Don’t ever trust a woman who says,”You don’t have to get me anything.”
February 26, 2003
I woke up on the morning of Friday, Feb. 14, as I do every morning. I laid around in bed for a while, trying to get up and get ready for work. My wife was leaving the house before I even made it out of bed. She kissed me and said, “Happy Valentine’s Day.”
How do these holidays sneak up on me, every year? I know they’re coming. I see all the paper hearts and the cardboard cupids at the grocery store, but my brain never registers it and says get with the program, beat the mad rush for a Valentine’s Day gift.
One year, when my wife and I were more destitute than we are now, she told me weeks before her birthday that she wanted absolutely nothing, that it would be irresponsible of us to buy something we couldn’t afford. I agreed with her and put her birthday gift out off my mind.
Wrong answer. On her birthday, I remember this question being repeated to me very loudly and in several different ways, each time with a different word emphasized, “You didn’t even get me a card?” I had been foolish enough to believe that nothing really meant nothing.
I’m older now and certainly not any wiser, but I’ve learned a couple things along the way. One is to never trust a woman when she says she doesn’t need or want a gift. Her lips might be saying, “I don’t want anything,” but that’s not what she’s thinking. You’re being framed, set up, tested. The whole you-don’t-have-to-get-me-anything routine is a lie, a farce, a trap just waiting to be sprung on you, to prove that you are an insensitive boob. When it comes to gifts, do exactly the opposite of whatever she says, and you might be safe. But it’s certainly no guarantee.
There’s also the predicament of getting the wrong gift. I learned this lesson at a very young age. On my mother’s birthday, my stepfather and all of the kids gathered around my mother as she opened her gifts. My stepfather’s was the last one. Inside the cardboard box wrapped in tissue paper were three different exercise outfits and a gift certificate to a local gym. “What’s this?” my mother asked. My stepfather was grinning from ear to ear. “It’s for exercising. You’ve been talking about how you wanted to start exercising.”

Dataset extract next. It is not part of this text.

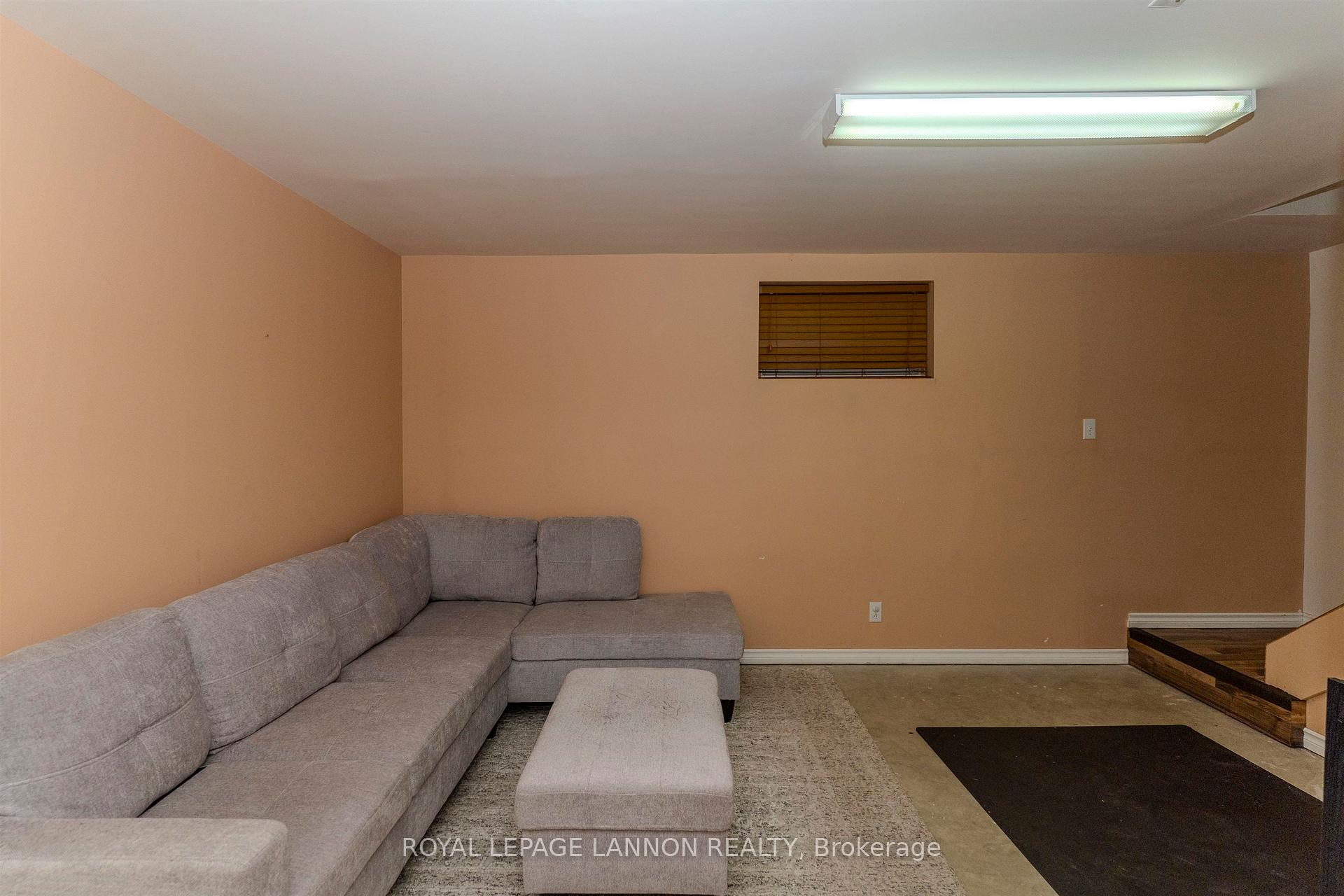 Photo 31 of 49 Wasco Drive, Thunder Bay, John Street South — HOMEH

Once again, wrong answer. One moment my stepfather was a proud, grinning man, a man who had listened to his woman’s needs and desires, a man who had even had enough forethought to buy her not just any old gift, but an inspired gift to help her better herself. “What are you saying? Are you saying I’m fat?” my mother yelled. My stepfather looked confused and defeated. His careful and meticulous planning had backfired on him. It all had gone so horribly wrong, nothing like he had imagined. I made a mental note to myself – it’s not the thought that counts, but her thoughts that count.

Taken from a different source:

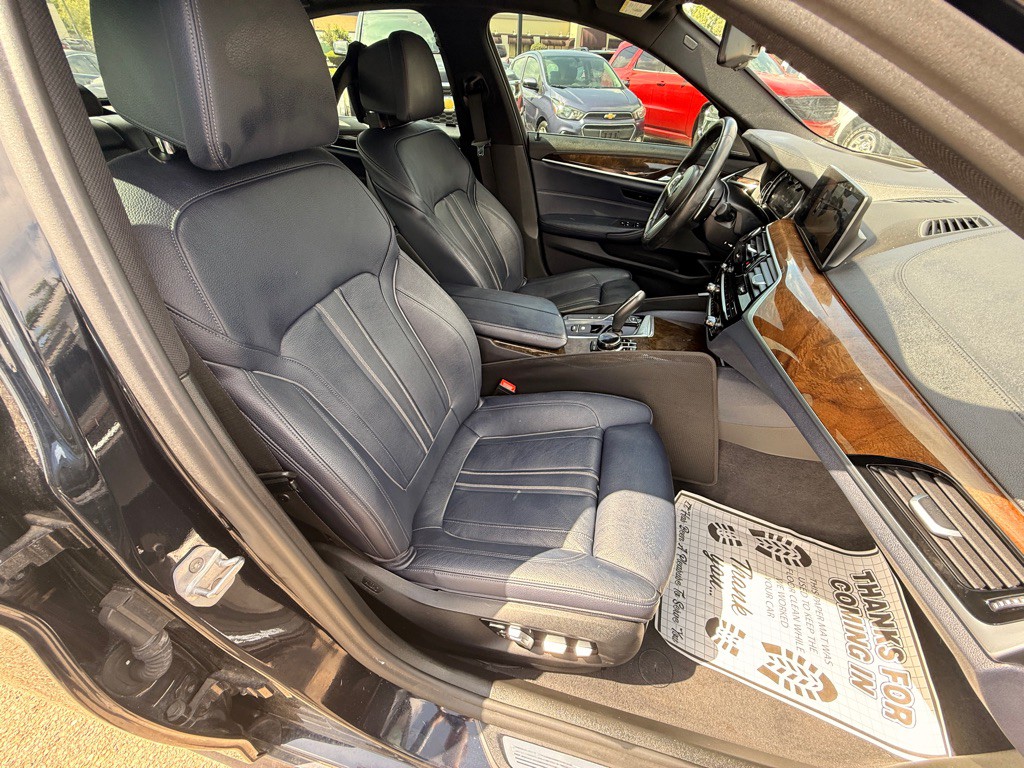 2018 BMW 5 Series Image 11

Buying clothes for a woman is a dangerous business anyway, and I would suggest steering clear of it at all cost. You may think that the blouse you are buying her is the one she said she really likes, but you’re probably buying one that fits her wrong or is made of the wrong material or, God forbid, is the wrong shade of red. If you are brave enough to go down that road and buy her clothing, make sure that you buy the smallest possible size, regardless of her build. Don’t even think about buying the medium. And whatever you do, hold on to that receipt.

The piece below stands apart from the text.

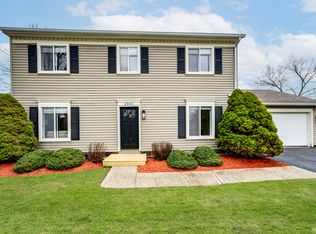 2965 Juniper Ct, Aurora, IL 60502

This Valentine’s Day, I had to think fast. I ended up at Albertsons, where I bought my wife some flowers. Sure, it’s not the classiest thing to do, but I was in a tight jam. There wasn’t a florist in town who could deliver a dozen roses at that moment. Smarter men, or their secretaries, had beaten me to the punch.
So when it comes to giving gifts, I find that the preemptive strike usually works best. Sure, her heart might not be set on a bouquet of flowers from Albertsons, but it can avert a potentially dangerous situation. It can certainly divert her attention away from the slob you really are and, if you’re lucky, keep you in her good graces until the next required gift-giving occasion.
It’s a lot like doing your taxes. You can wait until the last minute to pay the piper, but you’re still going to have to do it eventually. Start early. If you wait until the last minute, you’re just going to end up waiting in line at Albertsons with me and the other boneheads.